Dr Jill Gamberg (36:11)
So I do hope there’s some systems in place to try to avoid those type of errors. I also think that going forward education is really key, and it’s really easy to miss a lot of GPs because again, we’re sort of lone wolves in a way, in our own little space. And just making sure, you might send us a great email, but who’s going to read it? So you just need to find ways, I think, to make sure the GPs really know the changes are coming. And I think most people will be on board, ultimately, as well as they’re well educated, given enough notice, have room for feedback, and maybe just some transitional things to help us. Like including all of the active ingredients plus the brand names, or plus several brand names on all of the prescriptions or on the prescriber software, just to help us make that transition. I think those type of things. Although easy might be quite beneficial to making the change moving forward.

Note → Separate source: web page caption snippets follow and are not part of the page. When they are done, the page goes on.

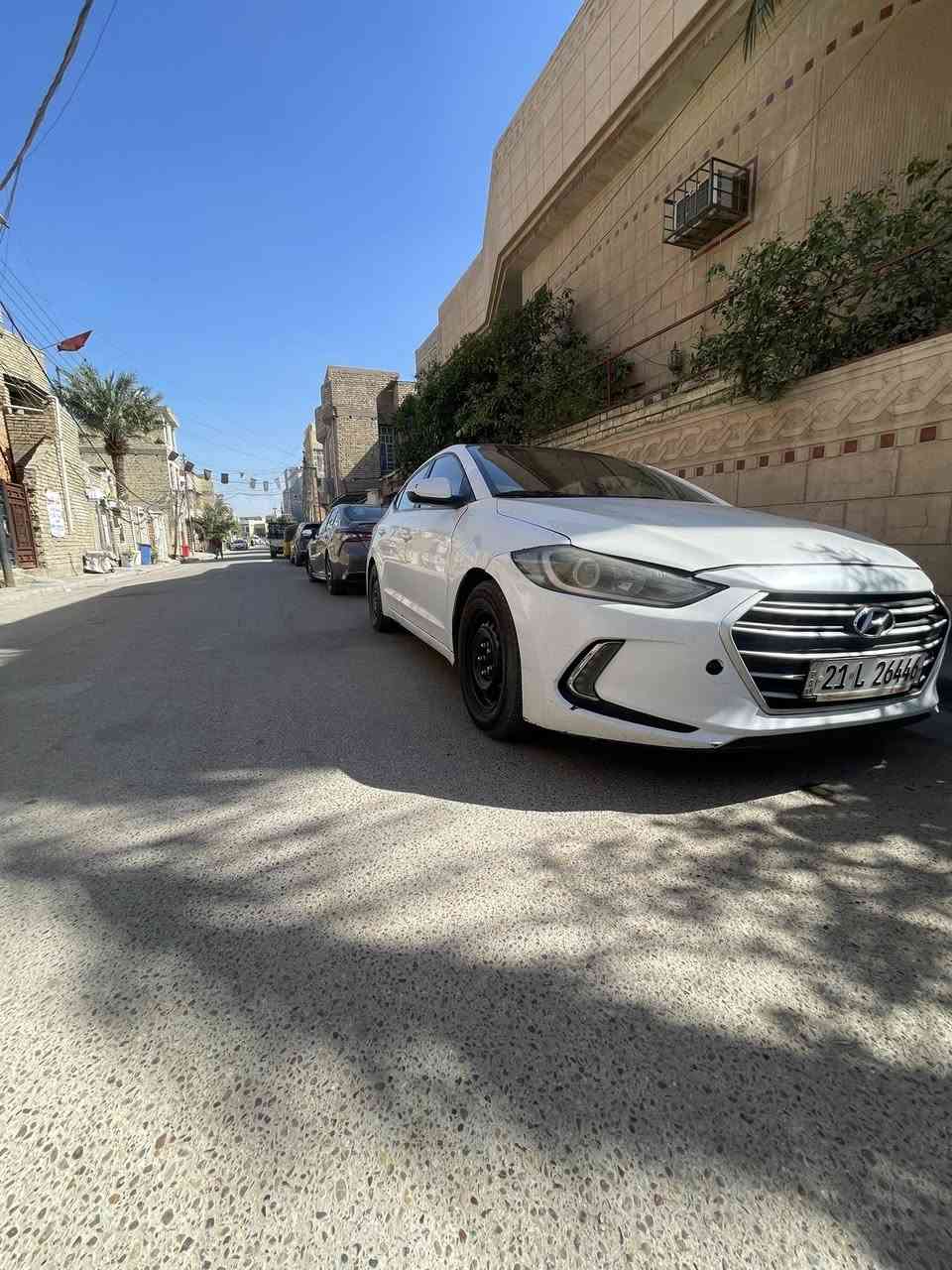 سلام عليكم النتره 2017وارد أمريكي 🇺🇸     حادث جاملغ فقط ليبل واحد سياره مكينه 2000دوش  منضومه غاز خير من الله سياره رقم سليمانيه بسمي سعر 117💲***********مكان سياره بغداد كرخ
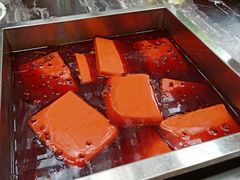 -凤来栖·净庭院·火锅(欧尚店)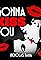 Gonna Kiss You's primary photo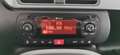 Fiat Panda 1.2 EasyPower Lounge - OK NEOPATENTATO Bianco - thumbnail 11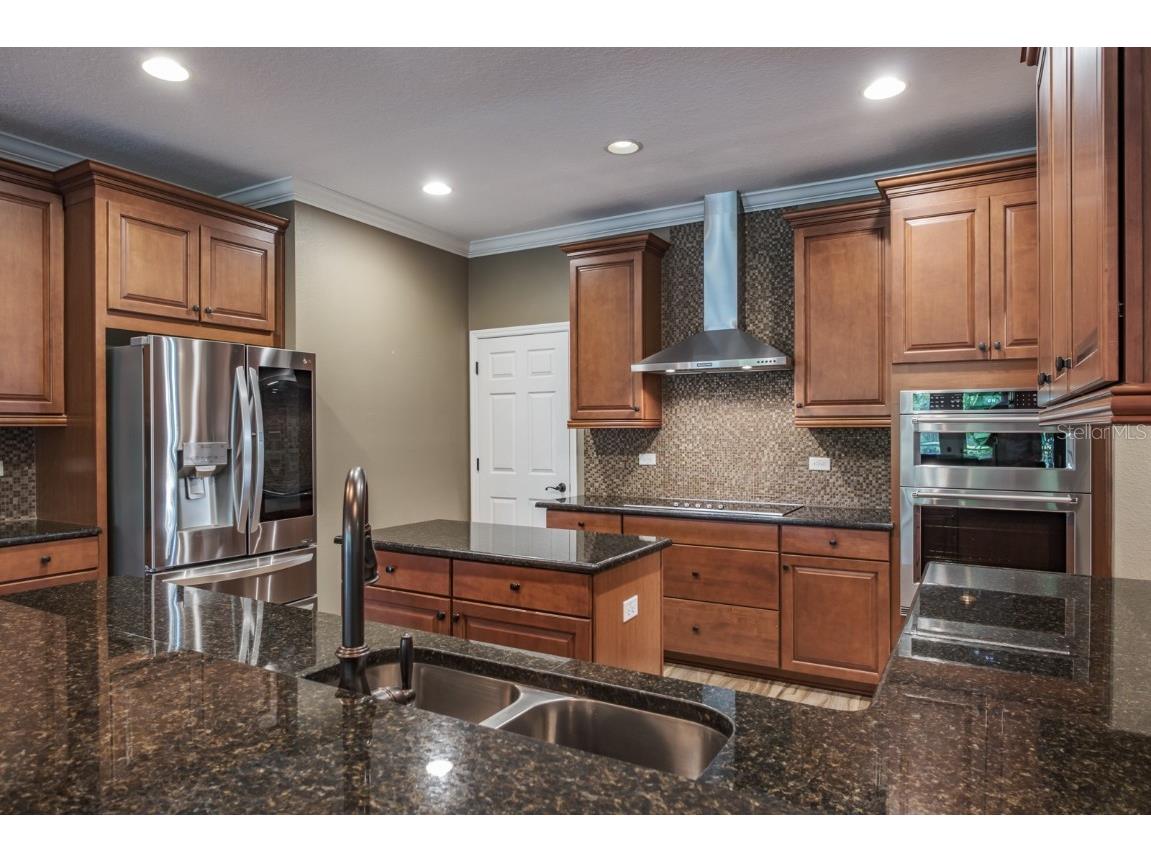 165 Mobbly Bay Drive Oldsmar FL 34677 TB8430614 image38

Elizabeth de Somer (37:08)
And I think it’s a really good point, Jill. Because it does show that brand names do have a place. And my understanding with the software providers is that you might still type in the brand name as a prescriber because it’s familiar, but what will pop up on script is the active ingredient name. And I think that that’s where you can still have that important role of something that’s easy to remember is the right medication for your patient but you know that when you prescribe it, that the active ingredient will pop up and that’s what will go on the script. So the software providers have got quite a big job I think.

Charlotte Middleton (37:46)
You’re absolutely right, Liz. Yeah, that’s exactly what will happen. Look guys, I think that’s all that we’ve got time for, for today. I really appreciate your time and your voice in the room. Was there any other extra points that you wanted to make before we finish?

Elizabeth de Somer (38:17)
Thanks everyone. Nice to see you all.